I feel like I have spent the last 25 years preparing for this role. My own personal journey from PhD lab scientist to helping clients commercialise their technologies really evolved my thinking on how to innovate.

There are three critical things that innovators must keep front and centre if they want to have a real-world impact.

First, start with the market. Understand the problem you are trying to solve and why this technology is the best one to solve it. Second, engage and align the ecosystem or supply chain early. You need the support of everyone from a technical, strategic and financial angle, or the technology will languish on the bench. Third, call it quits sooner rather than later if a technology isn’t working.

There is no shame in stopping a project, and the nature of R&D is such that some things just won’t work. Get into a growth mindset and ask yourself, “What did you learn from this not working?” It is not a failure. It is an experiment with a result you didn’t expect, and that is OK. Stop and move on.

The Energy Act of 2020 formalised the OTT and the position of chief commercialisation officer. The first goal listed for the OTT in that bill was to reduce greenhouse gas emissions and other pollutants. How will that mission guide your work?

Confronting the climate crisis head on is one of the guiding principles of the Biden-Harris administration, and the DOE has a central role in that fight. Our national laboratory system has the talent and facilities to advance our understanding of the world and our place in it. At the OTT, our primary goal is to help innovators tap into that incredible body of knowledge and transform discoveries powered by the DOE into technologies that reduce our impact on the planet and improve human health and well-being.

Given the administration’s ambitious climate agenda, one of our goals in the OTT is to find potential technologies that can empower those priorities. I am confident that within the more than 40,000 patents we host in our Lab Partnering Service (LPS), and the world-class talent of the scientists in our labs, we will find technologies and capabilities that can reduce greenhouse gas emissions.

One example of this process in action is Oak Ridge National Laboratory teaming up with Honeywell to develop a new refrigerant for supermarkets, which replaces a hydrofluorocarbon. The new product is non-toxic, has 68% less global warming potential and boosts the efficiency of supermarket refrigeration systems by 10% or more.

The chief commercialisation officer is a key adviser to the secretary of energy. What is the first piece of advice you have for the new energy secretary?

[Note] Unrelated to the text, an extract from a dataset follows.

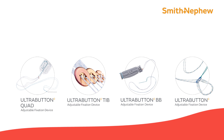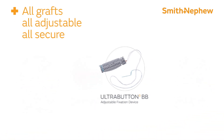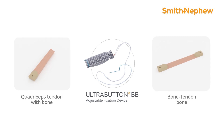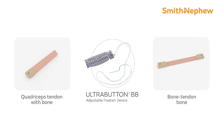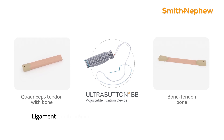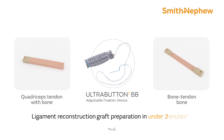The Ultra Button BB Adjustable Fixation Device, part of the Ultra Button adjustable fixation family — all grafts, all adjustable, all secure — is designed for ligament reconstruction. It features an open loop design to facilitate attachment to BTB or QTB grafts in under two minutes.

It is important to think really big. It is imperative that we get everybody from C-suite-level decision makers at the largest public companies to small businesses, foundations and academics to lock hands and make the strategic, financial and technological commitments to commercialise at scale while creating jobs. There is not a single stakeholder, the DOE included, that can meet the challenge on its own. However, if we can catalyse an alignment and commitments, we will start seeing real impact.

Attempts have been made in the past to boost the commercial impact of the DOE’s research investments, especially technologies developed at the national laboratories. What is different this time?

The OTT is a relatively new office, established six years ago, and the chief commercialisation officer role was only formalised in statute on 21 December 2020. Despite its size and youth, the department has already taken significant strides to make the commercialisation process more deliberate and purposeful.

I don’t have a government background, so I am grateful for a team that knows how to work effectively in this ecosystem. We have an incredible opportunity to bring my experience from the corporate, angel investing, start-up and academic sectors and ask, ‘How can we do things differently so that we can unlock even more of the potential sitting in our labs? How do we energise public-private partnerships to scale our technologies and create jobs?’

The Energy Act of 2020 also authorised the energy secretary to develop technology transfer programmes at the national labs such as clean energy incubators, small business vouchers and entrepreneurial fellowships. When will we see a roll-out of these programmes?

You can expect selections from the OTT’s Energy Program for Innovation Clusters funding – a $4m initiative to boost regional energy innovation – this spring. We are looking at ways to dig deeper into specific challenges, using our resources efficiently to deliver highly targeted outcomes in technology transitions.

How will the OTT’s new LPS pilot programme work and what is the DOE hoping to achieve with it?

The LPS is one of the OTT’s flagship tools promoting engagement with the national lab system. It allows users to connect directly with national lab experts on specific topics or technology areas. This service is in addition to offering streamlined access to our huge database of intellectual property ready for licensing by the innovation community.

We have already expanded LPS functionality to include more access to national lab expertise, intellectual property and facilities. This pilot is LPS supercharged, with likely enhancements including secure matchmaking, inter-agency connectivity and better access to all innovations coming from the national lab system. These innovations include IP, software, secure virtual workspaces, access to on-premises facilities and tools, not just at DOE laboratories, but across all of government.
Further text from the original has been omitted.